Living in Christ is messy, it’s uncomfortable at times but there’s one very critical reason it’s worth it. Living in Christ is the only way to get any real, actual ministry done. There are some things I can tell you about your ministry and some things I can’t. Something I can tell you is that every single person listening to me who has put their faith in Jesus Christ and received that free gift of grace isn’t sitting on this earth to get a good worship service and a nice preaching from the church. Everyone of you is given a Spiritual gift from your savior and a mission to use it
I can’t tell you what that gift is for you or what it looks like for you, that’s the Holy Spirit’s job. I can tell you what that looks like if you have the gift of teaching like me. If I was youth leader living by rules instead of the Spirit, that looks like putting together a lesson plan, picking out the funniest stories or the most fun youth group games to attract new listeners, killing myself to come up with the most relevant content that will perk up the listeners ears and make them realize how fun it is to listen to me teach. If I’m a youth leader following the Spirit, letting Christ live through me, that looks like starting every lesson prep on my face, getting out of the way of God’s word. Trusting the Lord will bring whoever needs to hear my teaching, trusting His word will be as relevant as they need each day and resting in the completed work of Christ.
That’s the only time I get any ministry done. You tell me, church. Has the Holy Spirit accomplished some ministry through me tonight?

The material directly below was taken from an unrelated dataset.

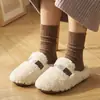 Chinelos de algodão Mingsheng para mulheres, outono e inverno, para usar ao ar livre, antiderrapantes, bico fechado, sola grossa, para uso doméstico, forrados com fleece, quentes, chinelos pós-parto, frete grátis para homens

I’ll be honest, I was really hoping someone would say yes
Let’s come back to Galatians, where we’ve called this series AWOL from Grace. The Galatian church was veering from the Grace that God had given them into false Gospels. The term, “Absent Without Leave,” describes soldiers abandoning their posts against orders. So far we’ve described Christians veering into paths of false gospels and self-righteousness but stop here and consider for a moment what the alternative is. To stay at your post, rather than abandoning it, to stay tied to the true Gospel, the true good news that Christ gave you. You stand at your post and you are under orders..You have a job to do, given to you by the King, to make disciples, to use your gifts for the Lord and staying at your post means you follow those orders.
We all have to give up on goodness tonight. If you’re still desperately trying to live your life being good enough you need to give up on being good enough and put your faith in the finished work of Christ alone. If you’ve come to accept Christ already but now you’re back trying to make the most of this second chance, you need to realize that your old life is dead and you’ve been given a new life instead, not a second chance. If you’ve accepted that new life, are you now living as Christ would living in you? Are you taking the steps to obey your Lord and serve Him in the Spirit? There’s no better time to start than tonight, pray with me.